**Dataset excerpts**
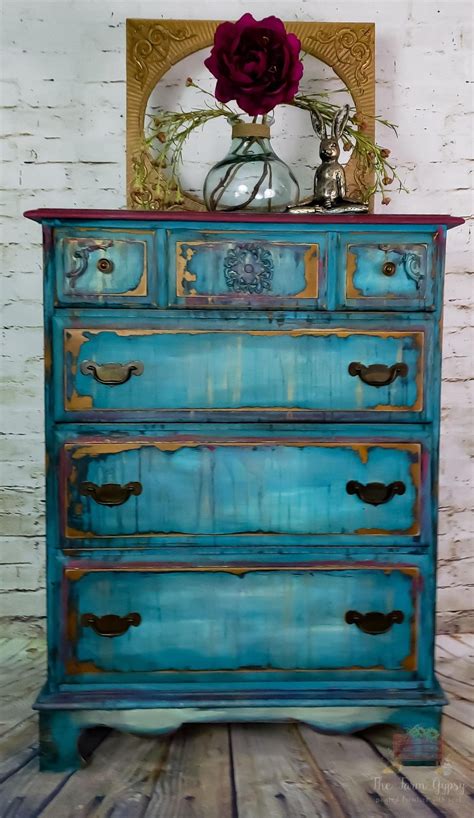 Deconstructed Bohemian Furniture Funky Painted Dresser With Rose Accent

...

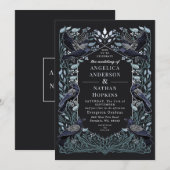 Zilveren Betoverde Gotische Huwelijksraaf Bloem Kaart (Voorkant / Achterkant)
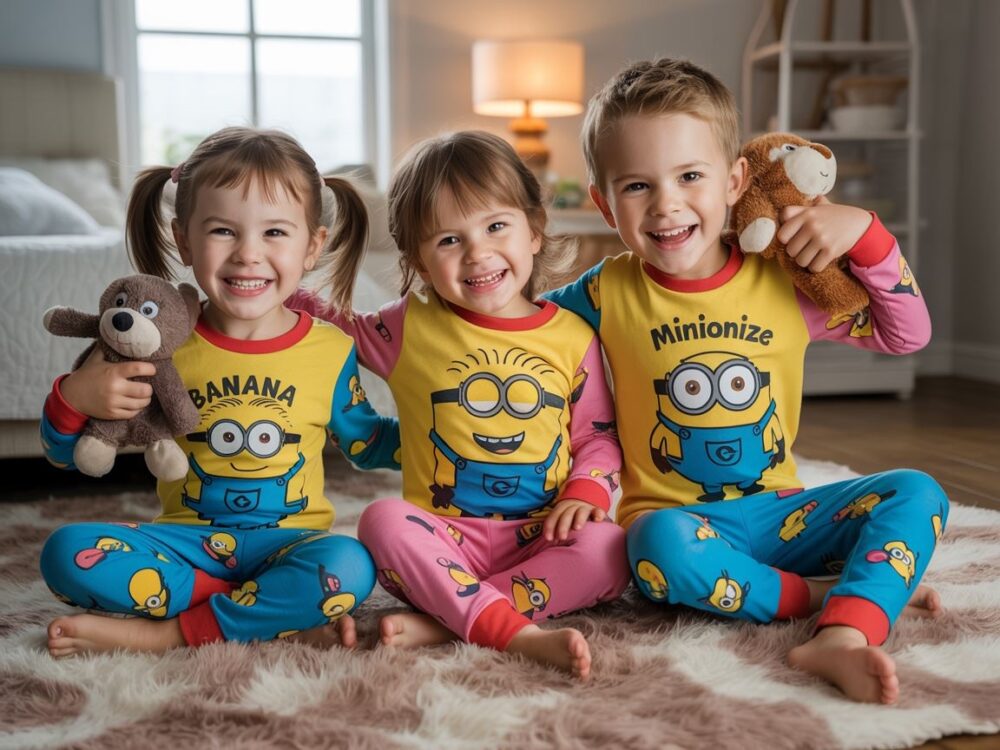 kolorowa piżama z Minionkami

...

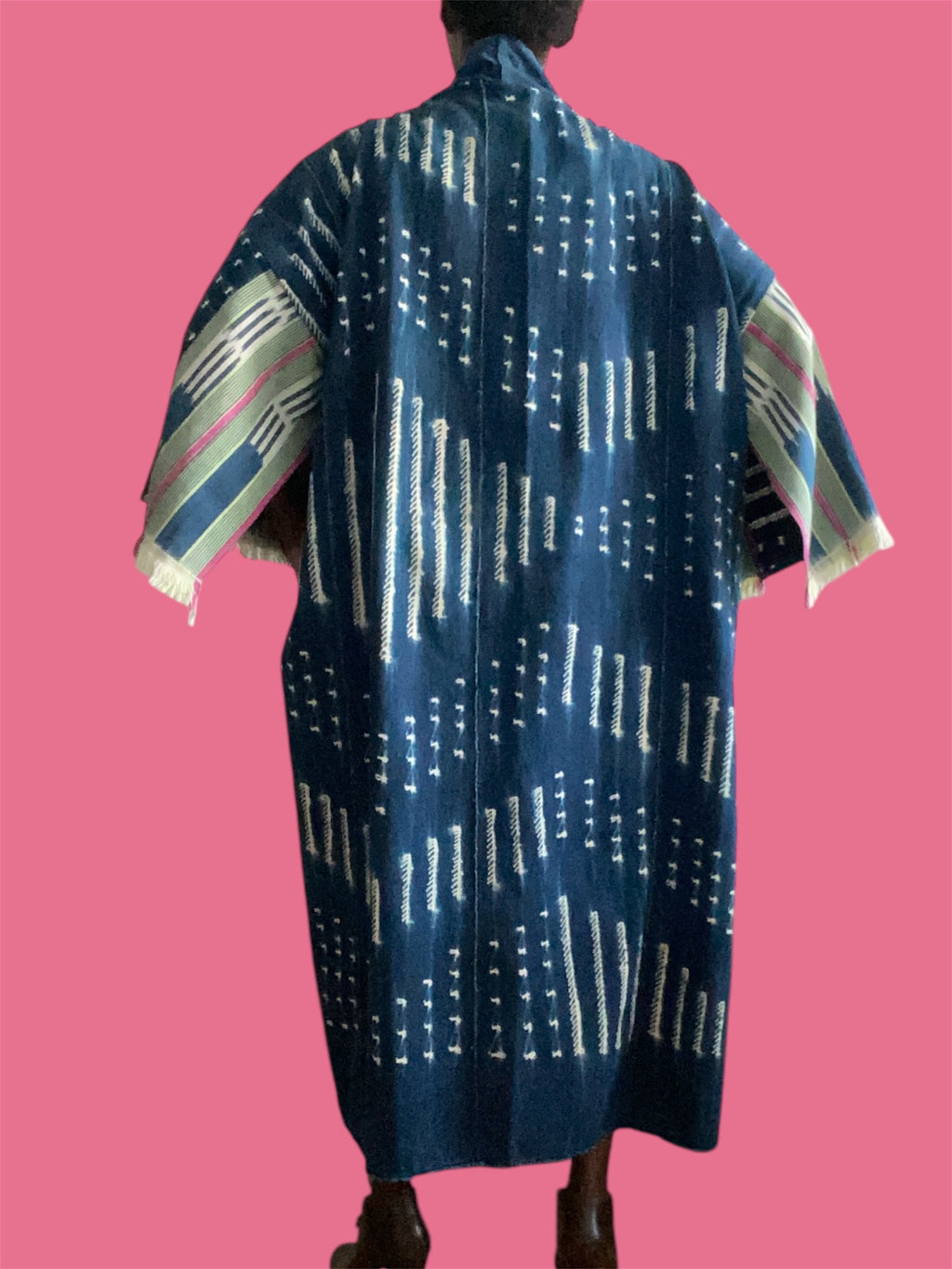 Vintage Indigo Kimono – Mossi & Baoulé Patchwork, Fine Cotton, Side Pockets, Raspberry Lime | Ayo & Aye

**Task**
With the pictures removed from your copy, retype the lines above from the one that contains "Zilveren Betoverde Gotische" through the one that contains "kolorowa piżama z Minionkami", exactly.

**Result of the task**
 Zilveren Betoverde Gotische Huwelijksraaf Bloem Kaart (Voorkant / Achterkant)
 kolorowa piżama z Minionkami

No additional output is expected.